Exam results 'not linked to teaching time'

SCHOOL inspectors yesterday challenged assumptions made by ministers that educational standards are linked to the number of hours schools spend teaching each week.

Their report - which shows that there is little connection between the length of the teaching week and exam results - will embarrass the Prime Minister, who suggested in a speech last December that teaching hours should be included in league tables.

John Patten, Secretary of State for Education, ordered a review after a report from the Chief Inspector of Schools showed some pupils were losing a day's teaching each week.

Yesterday's report from the Office for Standards in Education says that teaching hours vary - in primary schools from 20 to 23.8 and in secondary schools 23.3 to 25.8 - though more than 80 per cent of schools have increased their teaching hours since 1989.

The inspectors' conclusions in the interim report on 64 schools are reinforced by an analysis of the 1992 test results and a study of teaching hours and GCSE results. The latter shows 'that the correlation between the time allocated and the standards achieved is at best extremely weak'.

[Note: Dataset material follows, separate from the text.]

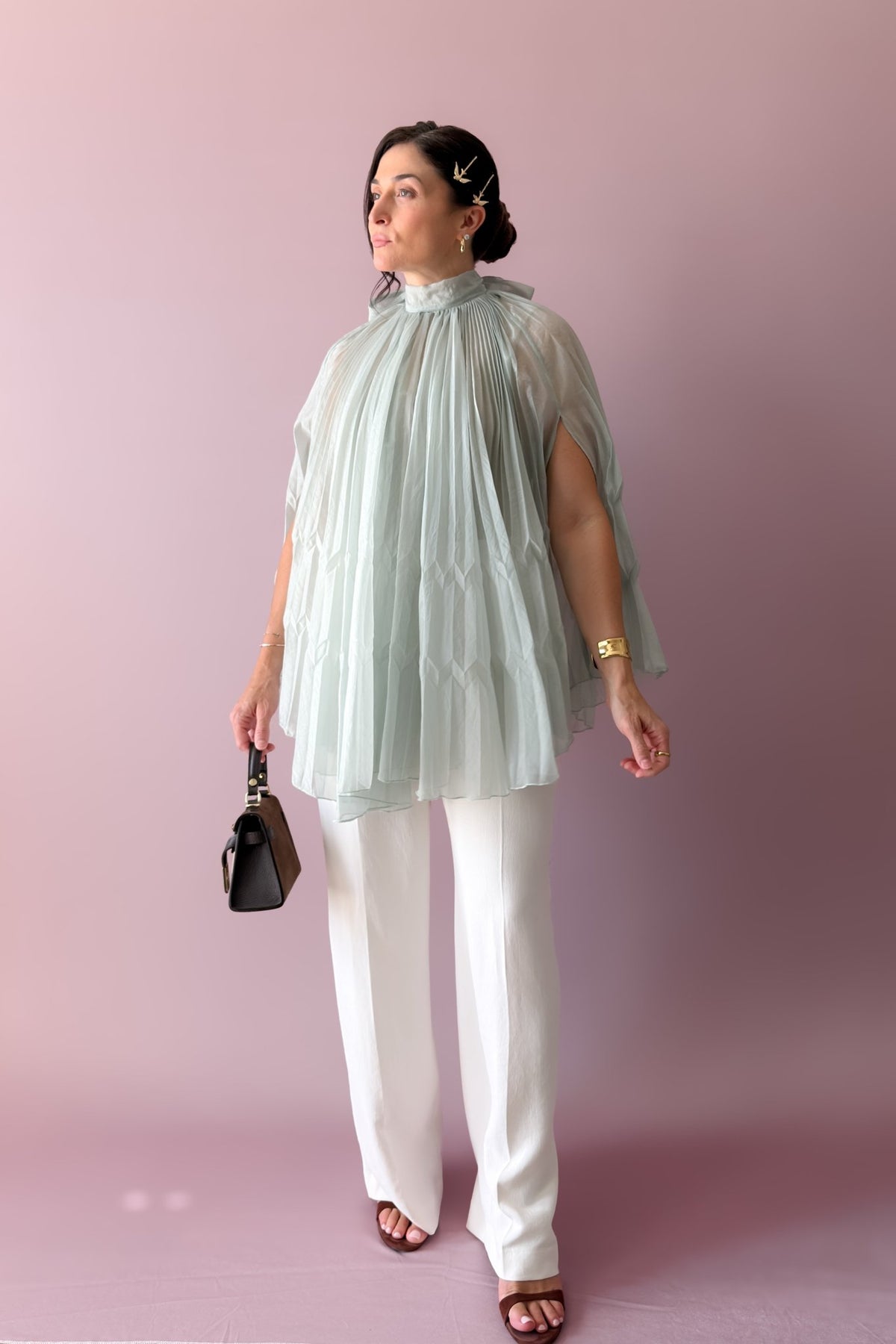 1. Side view of mint pleated maxi skirt showing layered tiers, soft drape and flowing pleated texture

The Government's recommended teaching hours are 21 for 5- to 7-year-olds, 23.5 for 8- to 11-year-olds and 24 for secondary pupils.

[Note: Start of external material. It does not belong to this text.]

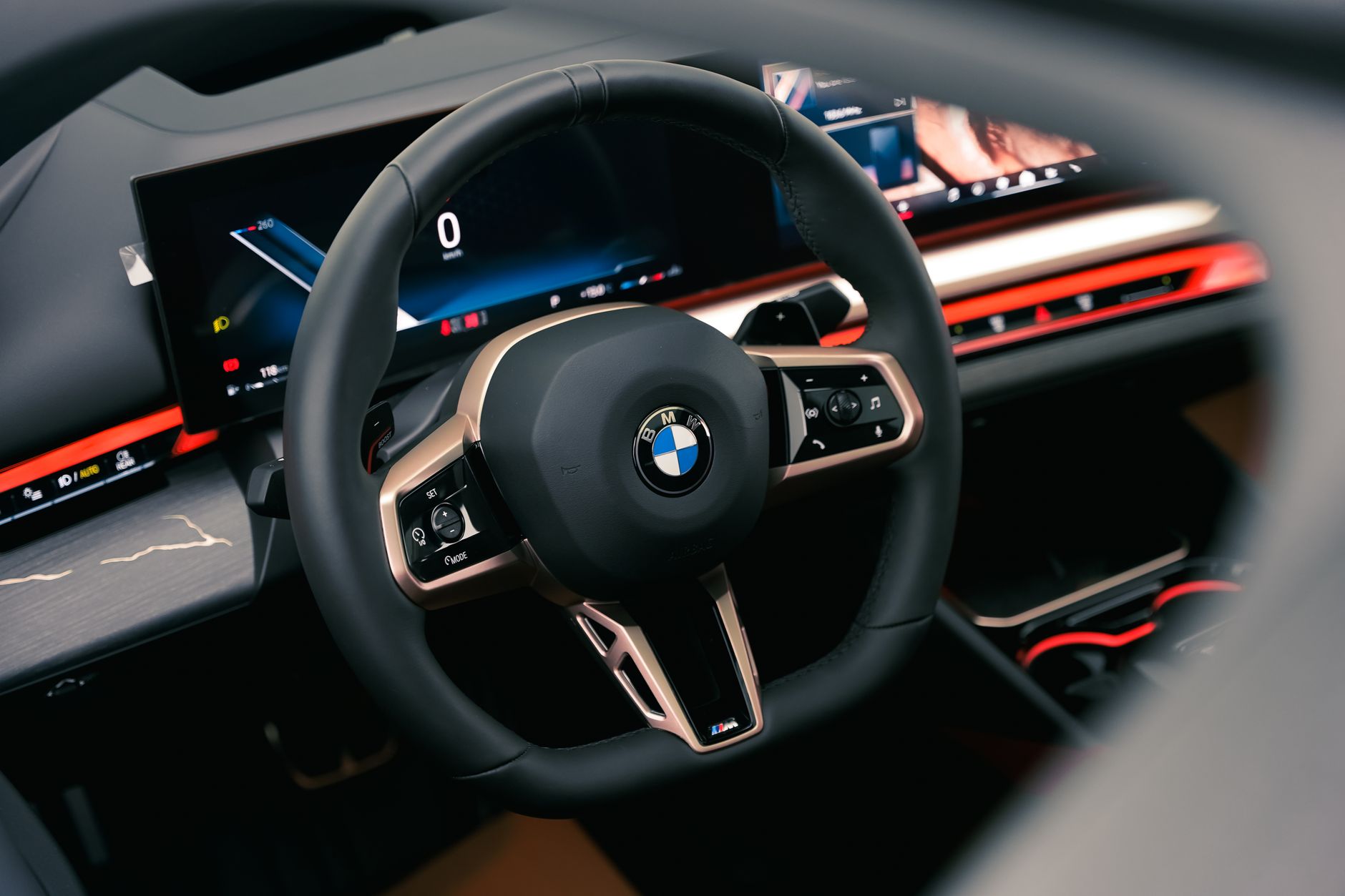 Ilustrasi: Close-up of a modern car's sleek steering wheel and dashboard design.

The inspectors note that those schools which fail to teach the minimum hours are not covering the national curriculum. In secondary schools, this means that subjects such as history, geography and physical education are neglected. Schools teaching more than the minimum hours were usually providing a better and broader curriculum.

The report points to big differences in the amount of time schools spend on registration and movement. It suggests schools should review the time spent on these and on plays, concerts, sports, photographs and early finishes to term and half-term.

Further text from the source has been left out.